Exercise directions ->
Retype each of the records below exactly, leaving the pictures out.

________

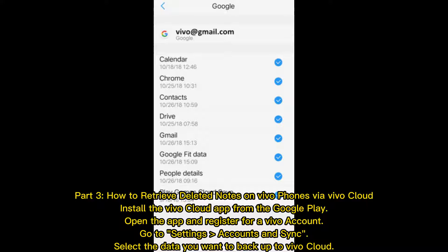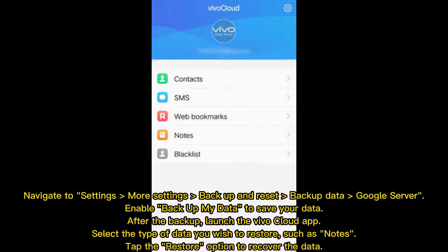Part 3. How to retrieve deleted notes on Vivo phones via Vivo Cloud. Install the Vivo Cloud app from the Google Play Store. Open the app and register for a Vivo account. Go to Settings, Accounts and Sync, and select the data you want to backup to Vivo Cloud. Navigate to Settings, More Settings, Backup and Reset, Backup Data, Google Server. Enable Backup My Data to save your data. After the backup, launch the Vivo Cloud app, select the type of data you wish to restore, such as Notes, and tap Restore to recover the data.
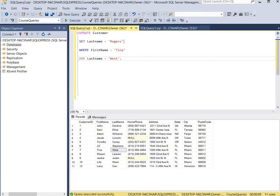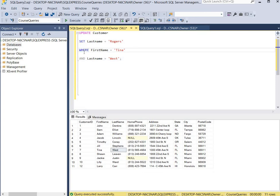As you can see, we're using single quotes, and the reason we're using single quotes is because the last name column has a text data type. Whenever you're using values associated with a text data type column, you must use quotes around the values. Then we're going to use a WHERE clause to set our conditions where the first name is equal to Tina and the last name is equal to West.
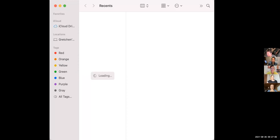My Finder is this. Yeah, that's your Finder. But under my Favorites, I don't have all the things you have, Jose.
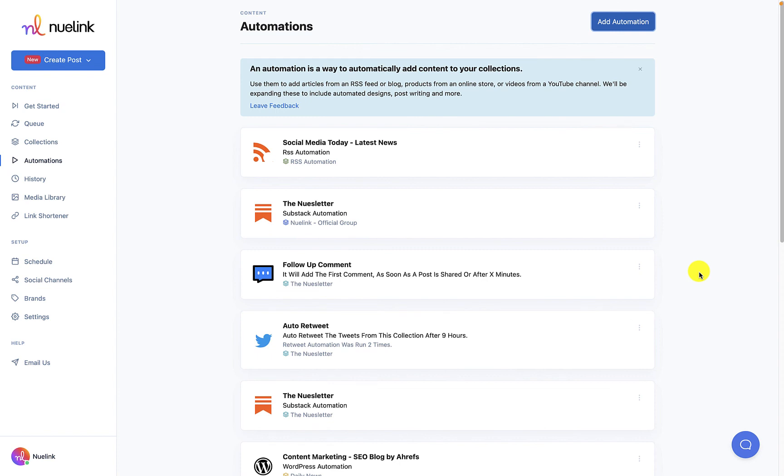And with this, we will end today's video. Let us know what automations you want us to add next in the comment section. Until next time, but remember, create once and post forever.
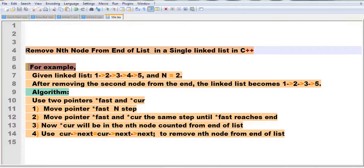In this video, I will show you how to remove the nth node from the end of a linked list in C++.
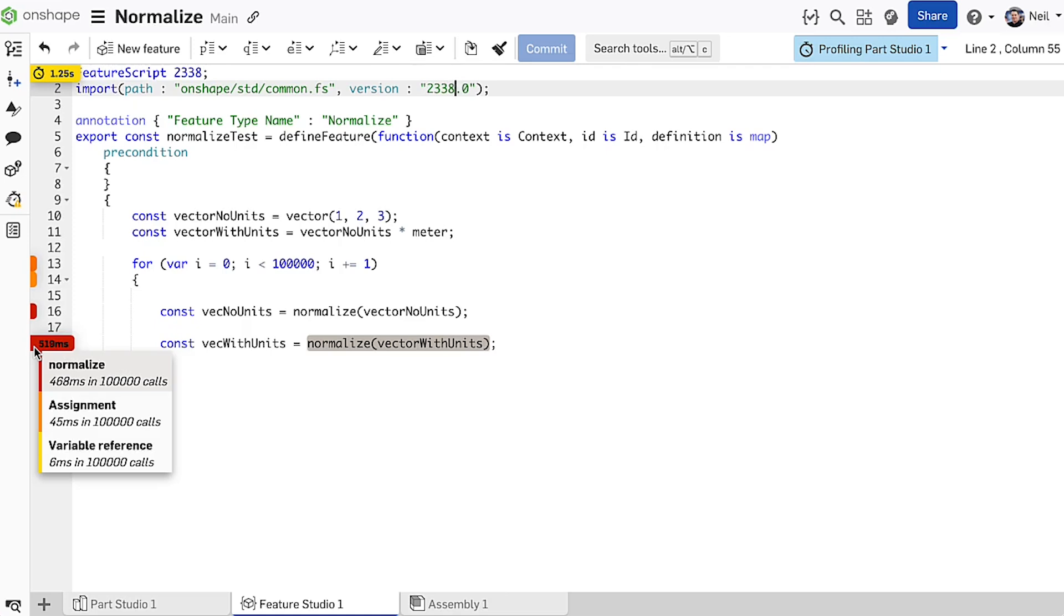So if your custom features use a lot of vector math, make sure you update them to the latest version and your features will run a whole lot faster. And of course Onshape's built-in features will be faster too.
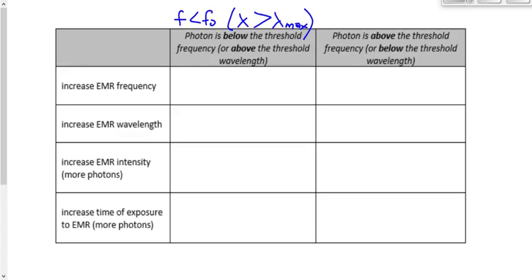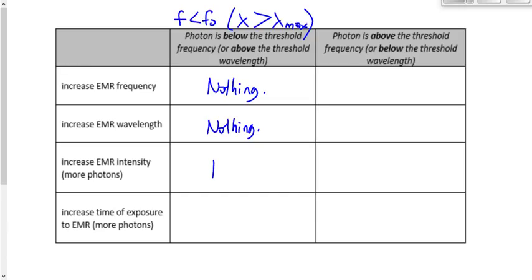If we're below the threshold frequency and above the threshold wavelength, what happens when we increase the EMR frequency? Nothing. As long as we're still below the threshold frequency, nothing's going to happen no matter what we do. What if we increase the intensity, which means having more photons? If we're below the threshold frequency, nothing's going to happen. And if we increase the time of exposure — we're just getting more photons — nothing's going to happen here either. The bottom line is: if you're below the threshold frequency, it doesn't matter what you do. Electrons will not be ejected.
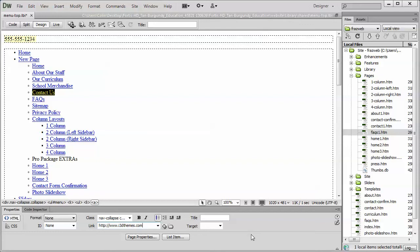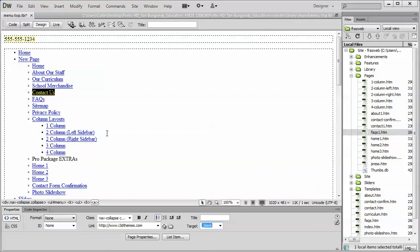And if you really wanted to, you could actually open that link in a new window. So if you're linking to an external website and you want to keep your website in the background, so when your visitor is finished looking at whatever information on the external website they're at, you can actually change the target just by selecting the target tag and applying a blank. And then when somebody clicks on the link to go to the i3D Themes website, when they're done with i3D Themes and they close their browser down, your website will still be there in the background.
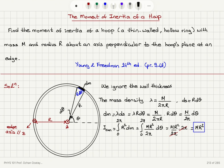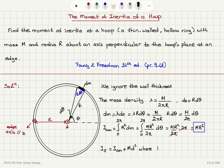To obtain our final answer, we move from the center-of-mass rotation axis to the rotation axis through the edge. Since the two axes are parallel, we can use the parallel axis theorem: I = I_cm + M d², where d is the distance between the two axes. The distance equals R, so I = MR² + MR² = 2MR².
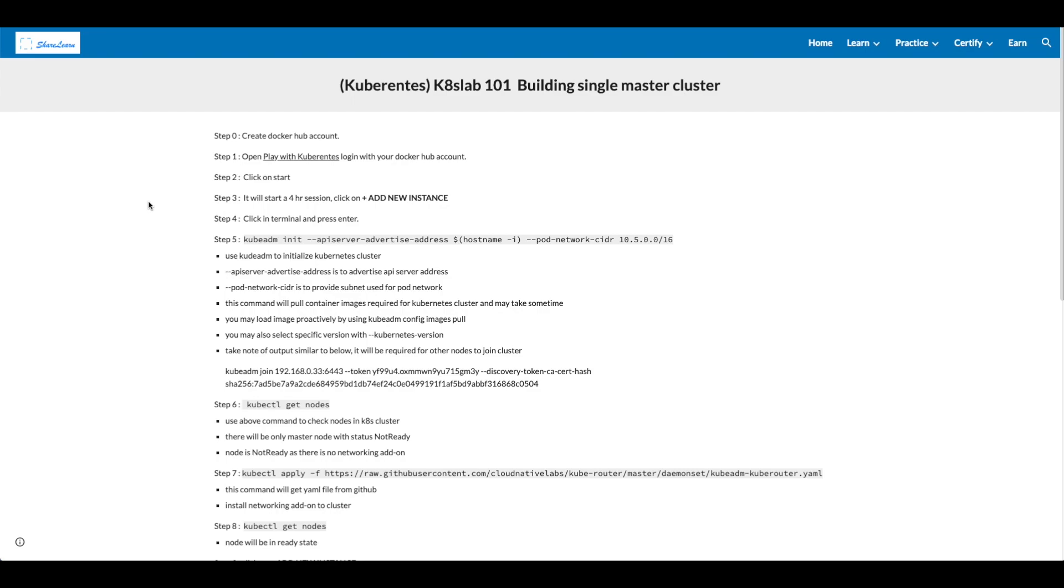Use kubeadm to initialize Kubernetes cluster. apiserver-advertise-address is to advertise apiserver address. We will be covering apiserver and other components in future videos. pod-network-cidr is to provide subnet used for pod network. We'll be covering pod and other components in future videos.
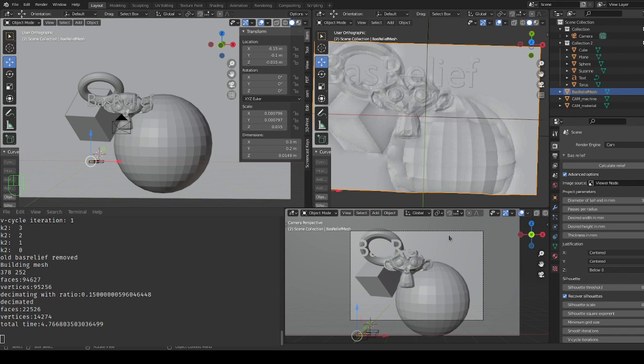So the bas-relief was not functional as a one button calculate press. You had to use the bump map and manually do the rendering and things like that. It was very complicated.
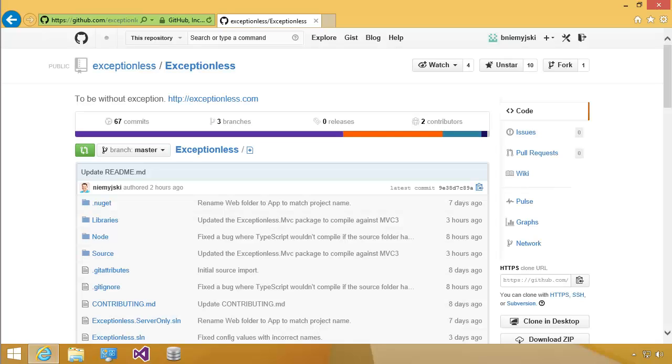Hello, my name is Blake Nowinski, and today I'm going to show you how to fork Exceptionless, pull down and run the Exceptionless app, and make a change, submit that change via pull request to GitHub.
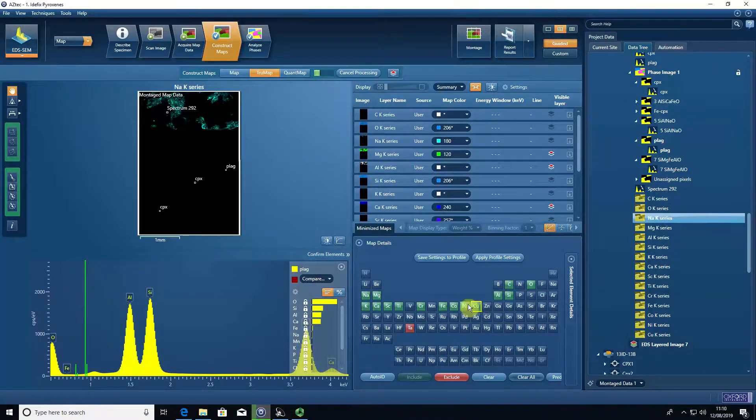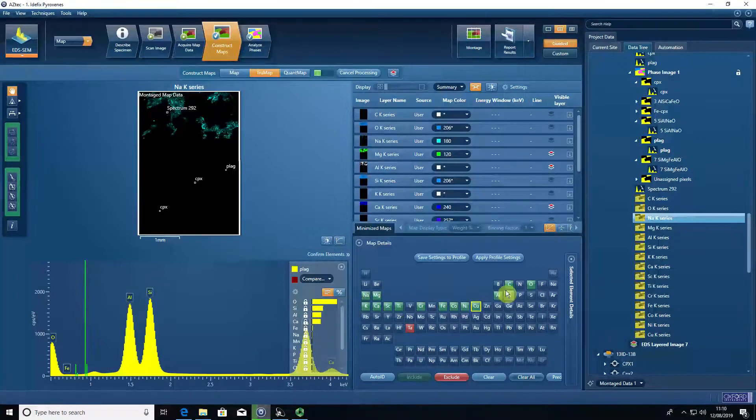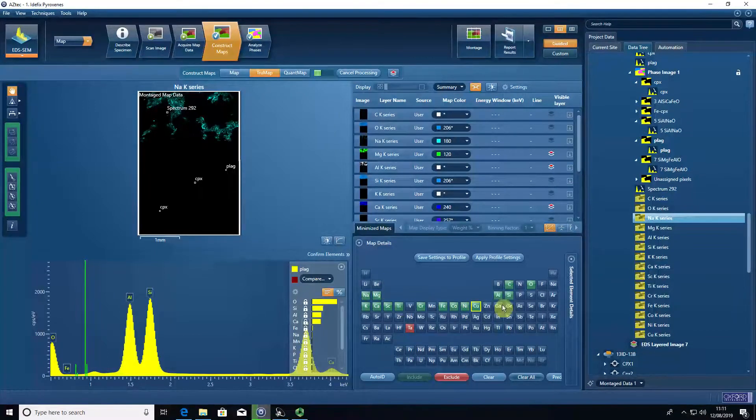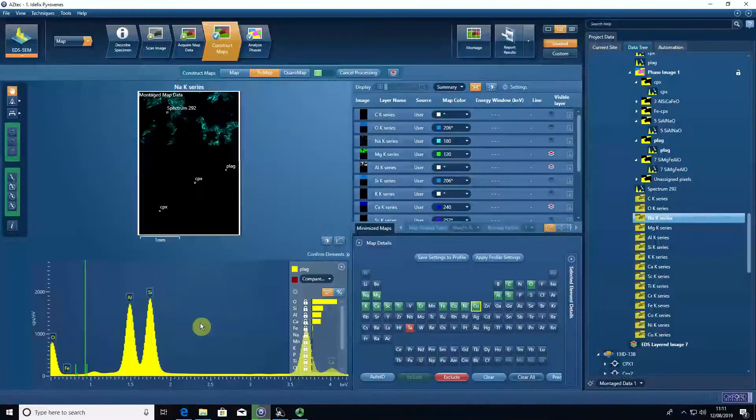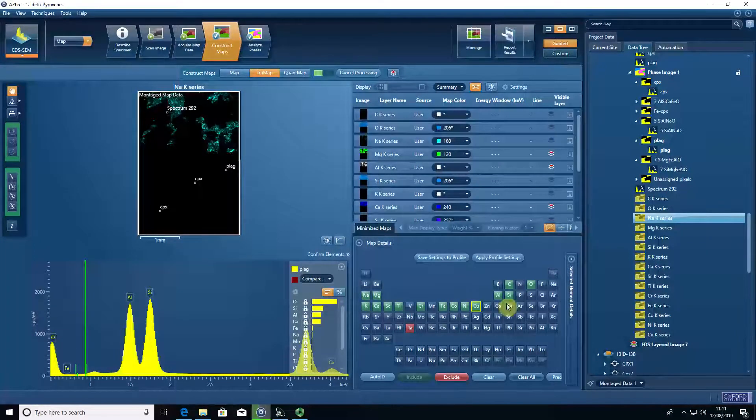The process is to acquire your maps, select the elements that you want to extract from your map data, and then true map for those elements.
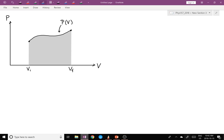Hello, Physics 157. I'm going to talk about the situation when you want to calculate the work done in a certain process where we're going from some configuration A to a configuration B, but the pressure is changing during that process. So we can't use just a simple P·ΔV formula.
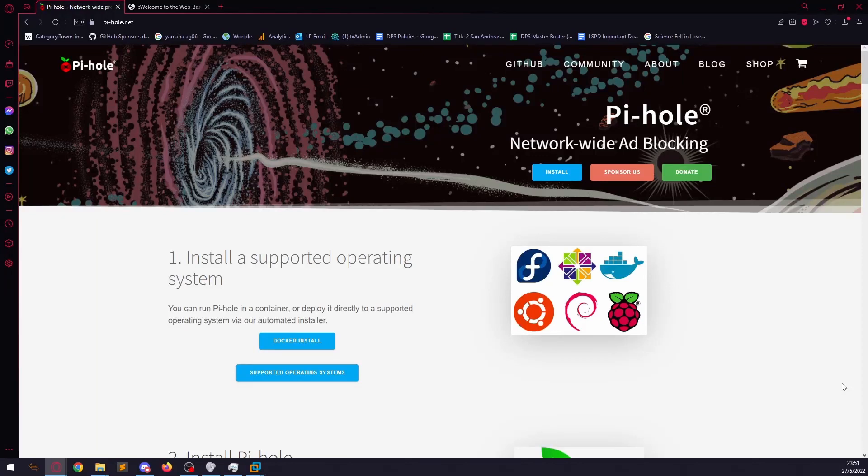Hello and welcome back to the Linux Panic YouTube channel. In this video, I'm going to show you how to set up and install Pi-hole on Debian 11.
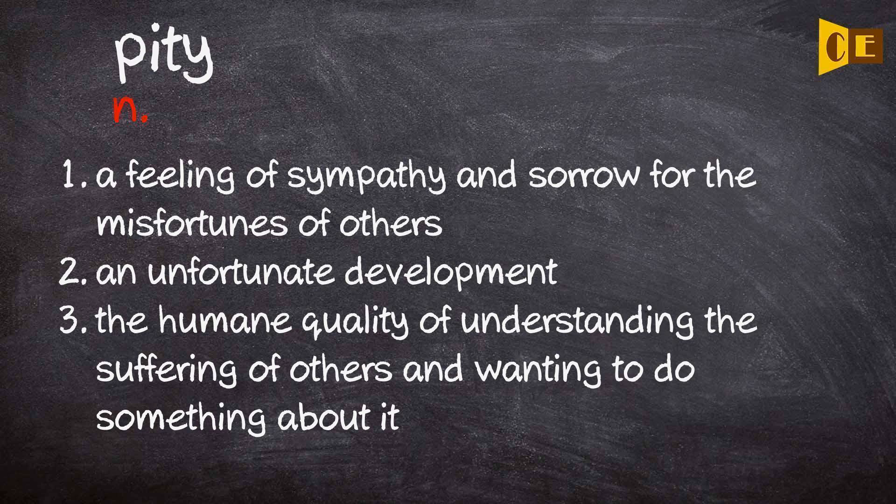3. The humane quality of understanding the suffering of others and wanting to do something about it.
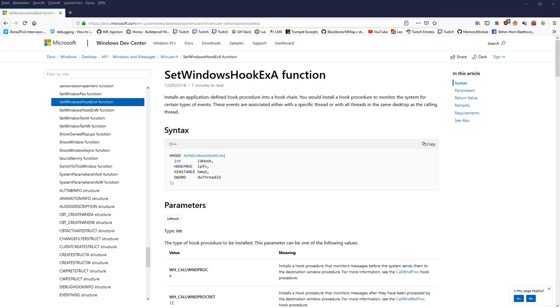Hey guys, it's Brian from guidedattacking.com and welcome back to another video tutorial on the Guided Attacking YouTube channel. This is part 4 of the shellcode execution tutorial and we are going to cover the SetWindowsHookEx method.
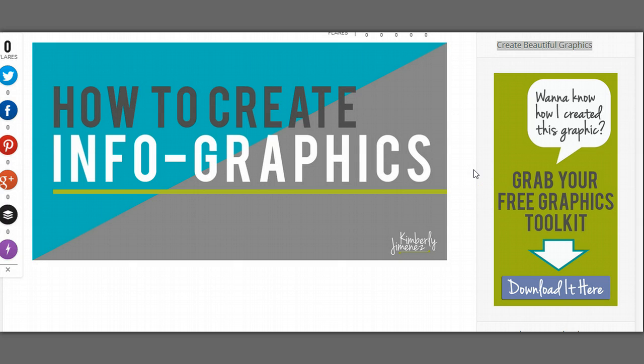So I'm sure you've been seeing a lot of infographics pop up, particularly on Pinterest, and I thought I'd show you how to create your very own in a really fast and easy way.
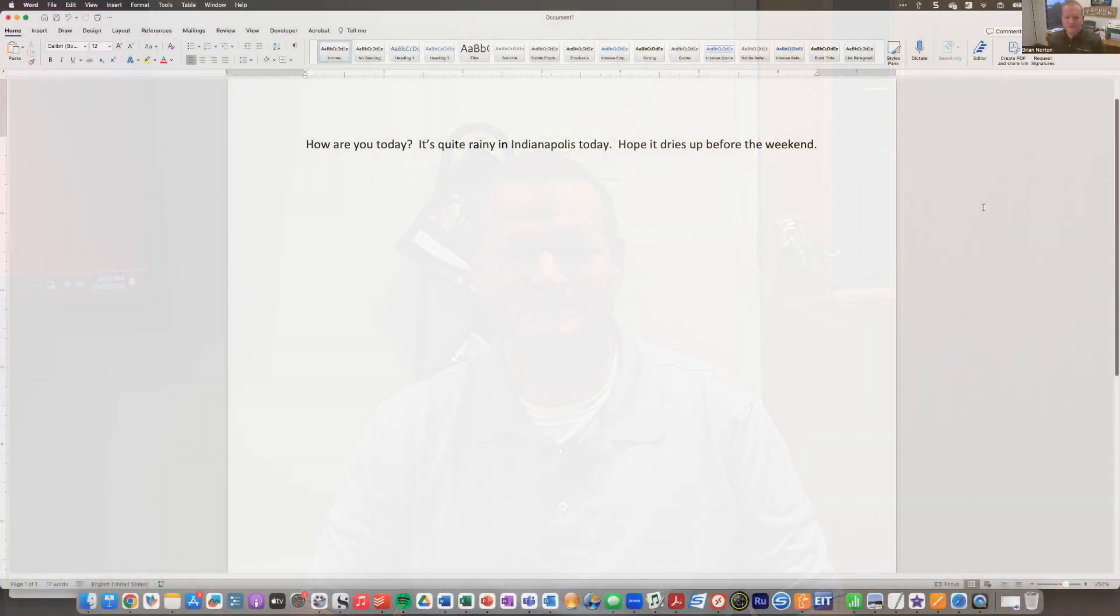Hi, my name is Brian Norton with the INDATA Project at Easterseals Crossroads. Today we're going to be taking a look at a feature with Mac accessibility called Speak Selection. So let's go ahead and take a look.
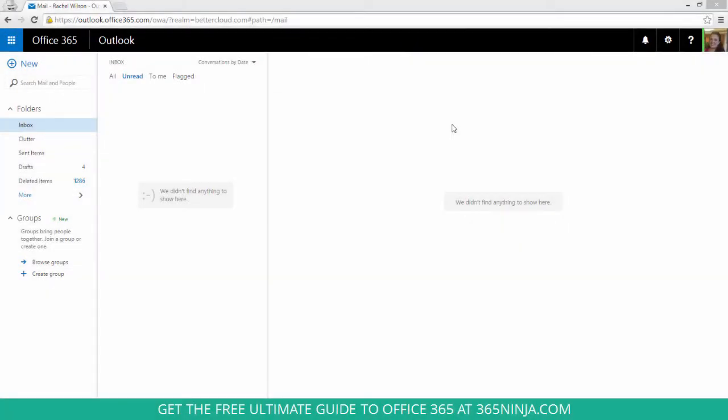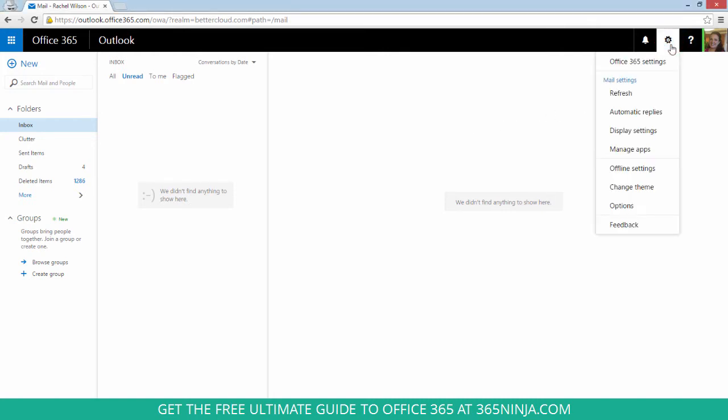So I'm here in Outlook but you can really start anywhere in Office 365 on the web and you'll go up to your settings gear. Click Office 365 settings.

________

Answer to this problem ->
Part 3. How to retrieve deleted notes on Vivo phones via Vivo Cloud. Install the Vivo Cloud app from the Google Play Store. Open the app and register for a Vivo account. Go to Settings, Accounts and Sync, and select the data you want to backup to Vivo Cloud. Navigate to Settings, More Settings, Backup and Reset, Backup Data, Google Server. Enable Backup My Data to save your data. After the backup, launch the Vivo Cloud app, select the type of data you wish to restore, such as Notes, and tap Restore to recover the data.
As you can see, we're using single quotes, and the reason we're using single quotes is because the last name column has a text data type. Whenever you're using values associated with a text data type column, you must use quotes around the values. Then we're going to use a WHERE clause to set our conditions where the first name is equal to Tina and the last name is equal to West.
My Finder is this. Yeah, that's your Finder. But under my Favorites, I don't have all the things you have, Jose.
And with this, we will end today's video. Let us know what automations you want us to add next in the comment section. Until next time, but remember, create once and post forever.
In this video, I will show you how to remove the nth node from the end of a linked list in C++.
So if your custom features use a lot of vector math, make sure you update them to the latest version and your features will run a whole lot faster. And of course Onshape's built-in features will be faster too.
If we're below the threshold frequency and above the threshold wavelength, what happens when we increase the EMR frequency? Nothing. As long as we're still below the threshold frequency, nothing's going to happen no matter what we do. What if we increase the intensity, which means having more photons? If we're below the threshold frequency, nothing's going to happen. And if we increase the time of exposure — we're just getting more photons — nothing's going to happen here either. The bottom line is: if you're below the threshold frequency, it doesn't matter what you do. Electrons will not be ejected.
And if you really wanted to, you could actually open that link in a new window. So if you're linking to an external website and you want to keep your website in the background, so when your visitor is finished looking at whatever information on the external website they're at, you can actually change the target just by selecting the target tag and applying a blank. And then when somebody clicks on the link to go to the i3D Themes website, when they're done with i3D Themes and they close their browser down, your website will still be there in the background.
To obtain our final answer, we move from the center-of-mass rotation axis to the rotation axis through the edge. Since the two axes are parallel, we can use the parallel axis theorem: I = I_cm + M d², where d is the distance between the two axes. The distance equals R, so I = MR² + MR² = 2MR².
Use kubeadm to initialize Kubernetes cluster. apiserver-advertise-address is to advertise apiserver address. We will be covering apiserver and other components in future videos. pod-network-cidr is to provide subnet used for pod network. We'll be covering pod and other components in future videos.
So the bas-relief was not functional as a one button calculate press. You had to use the bump map and manually do the rendering and things like that. It was very complicated.
Hello, my name is Blake Nowinski, and today I'm going to show you how to fork Exceptionless, pull down and run the Exceptionless app, and make a change, submit that change via pull request to GitHub.
The process is to acquire your maps, select the elements that you want to extract from your map data, and then true map for those elements.
Hello, Physics 157. I'm going to talk about the situation when you want to calculate the work done in a certain process where we're going from some configuration A to a configuration B, but the pressure is changing during that process. So we can't use just a simple P·ΔV formula.
Hello and welcome back to the Linux Panic YouTube channel. In this video, I'm going to show you how to set up and install Pi-hole on Debian 11.
3. The humane quality of understanding the suffering of others and wanting to do something about it.
Hey guys, it's Brian from guidedattacking.com and welcome back to another video tutorial on the Guided Attacking YouTube channel. This is part 4 of the shellcode execution tutorial and we are going to cover the SetWindowsHookEx method.
So I'm sure you've been seeing a lot of infographics pop up, particularly on Pinterest, and I thought I'd show you how to create your very own in a really fast and easy way.
Hi, my name is Brian Norton with the INDATA Project at Easterseals Crossroads. Today we're going to be taking a look at a feature with Mac accessibility called Speak Selection. So let's go ahead and take a look.
So I'm here in Outlook but you can really start anywhere in Office 365 on the web and you'll go up to your settings gear. Click Office 365 settings.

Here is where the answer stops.